I’m
grateful there is a director like Karu in Tamil cinema
for the way he comes back again and again to a heroine
centric story. (I wish director Priya would do this
instead of making generic romantic comedies). However,
the choice that he forces on his women characters are
really what most men might want for or from them –
not what these heroine characters themselves might desire.
Let me illustrate: At the end of Parthiban Kanavu, Srikanth
is persuaded that the traditional, conservative Sneha
is even a better wife than the modern, independent Sneha.
For the women in the audience the message is: to be
a traditional housewife who cooks and pleases her husband
is as librating a choice as the independent woman with
a career. For the men in the audience, the message is:
urge your wives, daughters in law and sisters to be
more like the conservative, traditional Sneha.
In Pirivom Santhipom, the housewife Sneha plays becomes
lonely at the hill station where her husband (Cheran)
is transferred, and longs to return to the large join
family she left behind in Chennai. Earlier we see that
she comes from a small family; an only child who misses
sisters and brothers. So she longs for a large family.
Fair enough. However, is the solution to her loneliness
a return to family or does it lie elsewhere- in areas
the film does not explore? She could perhaps have found
fulfillment in work (she’s educated and smart)
or found something that interests her deeply and immerse
herself in it. More significantly, if she is to do none
of these things and stay a housewife, the most creative
and constructive thing she could do is reflect on her
solitude, on her loneliness and see that it is a gift
of time with her husband, to deepen the marriage instead
of running away from it.
Poo, I am pleased to report, is respectful of its heroine’s
desires – and indeed the desires of women. It
is not only entertaining but it is also responsible
filmmaking. Sasi is an enlightened director. Poo is
a triumph in so many ways, doing so many new things
in Tamil cinema that I can hardly count them. Though
I had my heart in my mouth as I watched it, thinking-
‘I only hope it doesn’t get regressive all
of a sudden’-, I did begin to feel some nervousness
at the end. Mari realizes she can never return, even
in her mind, to her one great love – Thangarasa.
It will only lead to unhappiness for everyone. She is
waiting at the bus stop for her husband, weeping. He
arrives, we see him walk to her from a distance. What
is going to happen? I surely thought: she will run to
him and embrace him and cry tears of gratitude. Thus
telling us that a woman should never hope to follow
her heart but return to the security of marriage. Mari
continues to weep anguished tears. I thought: ‘Okay,
this is it: he will embrace her and she will cling to
him and cry’. But it didn’t happen. Amazingly
enough, and gratifying enough, she simply sits there
weeping. Her husband looks on bewildered. He is clueless.
She cries as the camera pulls away and up and fades
out.

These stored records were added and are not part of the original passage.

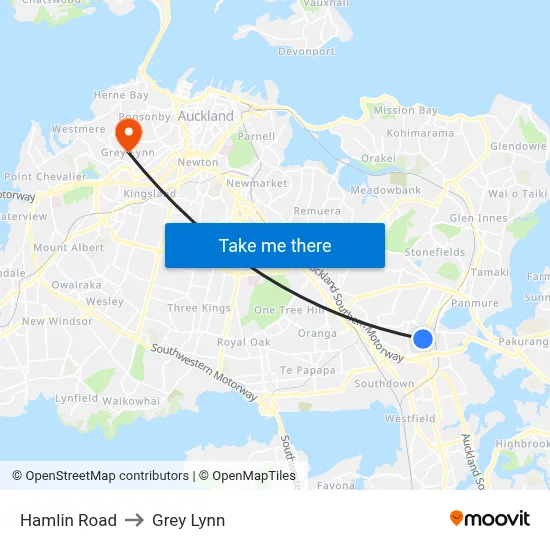 Hamlin Road to Grey Lynn map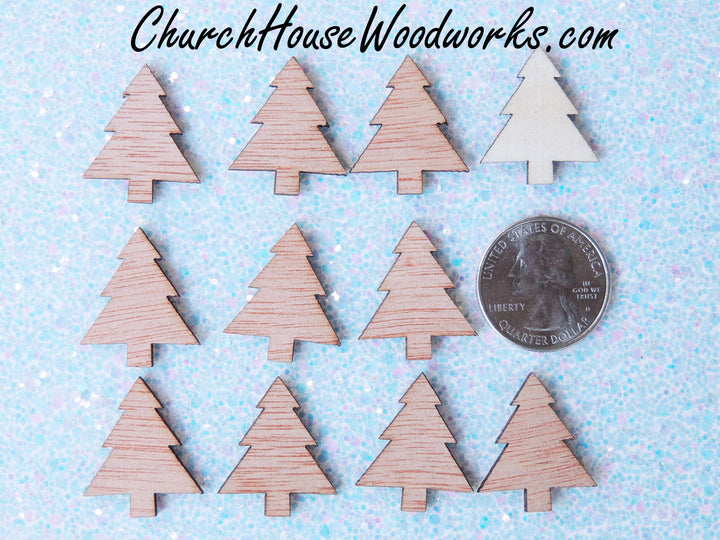 1 Inch Mini Wood Christmas Tree Shapes 25 qty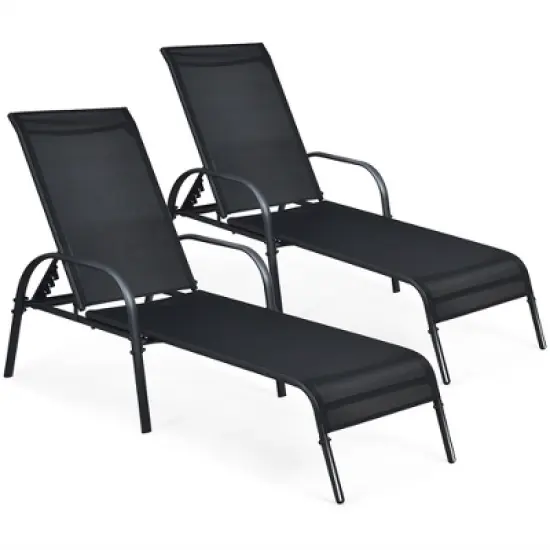 Costway 2PCS Outdoor Patio Lounge Chair Chaise Fabric Adjustable Reclining Armrest Black image {7}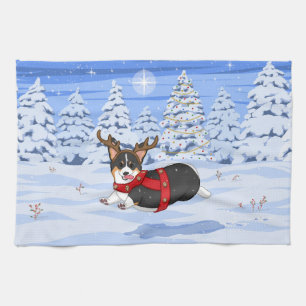 Cute Black Corgi Christmas Reindeer Costume Tea Towel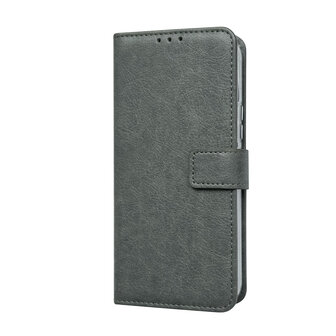 iPhone 15 Pro - Book Case &amp;amp; Glas - Grijs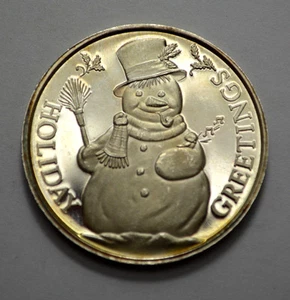 1994 1Oz 999 Silver Round Christmas Medallion Snowman Holiday Greetings Engraved - Picture 1 of 3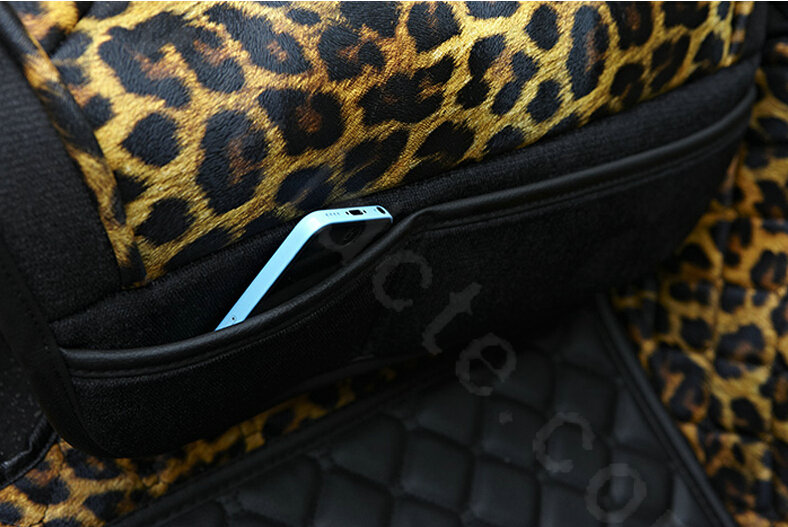 Fashion Leopard Print Female Universal Car Seat Cushion PU Leather Flocking 10pcs Set - Golden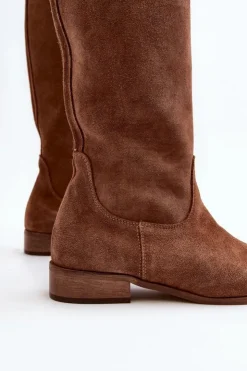 Damskie Zazoo 3367 Zamszowe Kozaki Damskie Przed Kolano Brązowe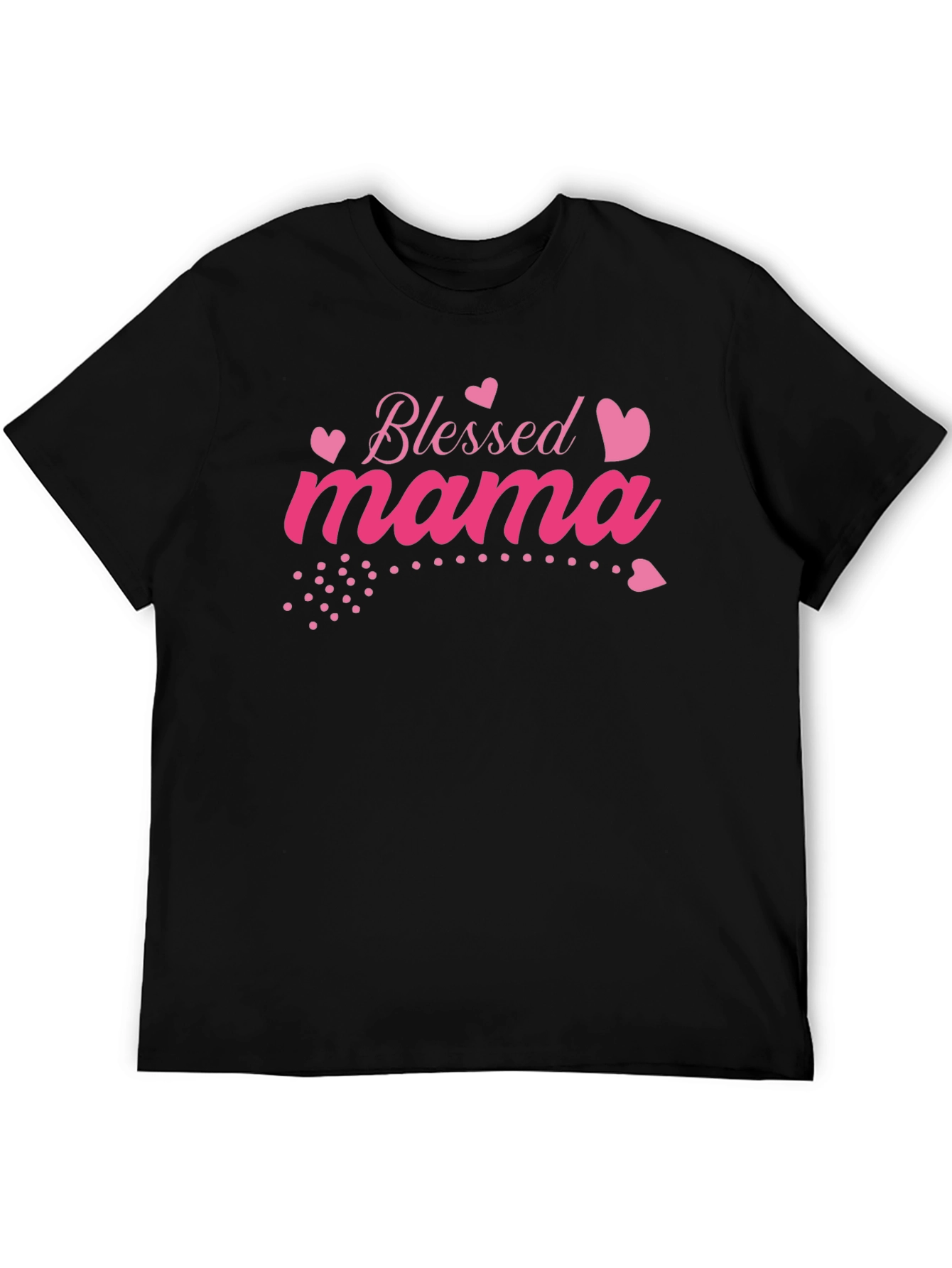 Blessed Mama Pink Heart Graphic Black T-Shirt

As the credits roll, the only sound you hear is
Mari sobbing.
It’s possibly the first Tamil film –may
be even the first Indian film –where the end credits
are accompanied solely by a heroine crying. This is
only one first among many firsts that writer-director
Sasi should take credit for in Poo. Many stereotypical
scenes are subverted by reversing them or not turning
them melodramatic. All the stock figures of a village
themed movie are there, and yet none of them behave
in predictable ways. None of them say the usually traditional,
conservative things villagers say. They all sound sensible
and level headed. A potential rape scene is averted,
the hero does not beat up the offender -but Mari does
with a broomstick. To not have item songs is something
the newer directors are doing, but it is brave of Sasi
to chuck out fight scenes along with item songs.
When Mari and Thangarasa’s father meet at the
end, he says something startling: “You had a dream.
I had a dream. Now both are shattered. But I never thought
that that rich, educated city girl would have her dreams
too.” It is remarkable for a character in a mainstream
Tamil movie to recognize this – that the rich
city girl is not the villain but another person trapped
by and made unhappy by tradition, patriarchal values
and what others – namely men – want for
them.
I also admired how Sasi stayed away from prettifying
the interiors of the huts, and instead made them contemporaneously
accurate. There are no earthen jars of water inside
the huts, for instance, but green and pink plastic buckets.
His homework on location and setting is impeccable.
Above all, I am happy that Sasi does not betray his
heroine but takes us deeper into her desires. It ends
in sadness, and this is the strongest criticism Poo
makes against patriarchy: that the desires and dreams
of women are often dashed by what men want for them.
And with that, the happiness of both men and women.
Poo is full of poetry, wit, passion, and inventiveness.
It is genuinely heroine-centric, and is a must see.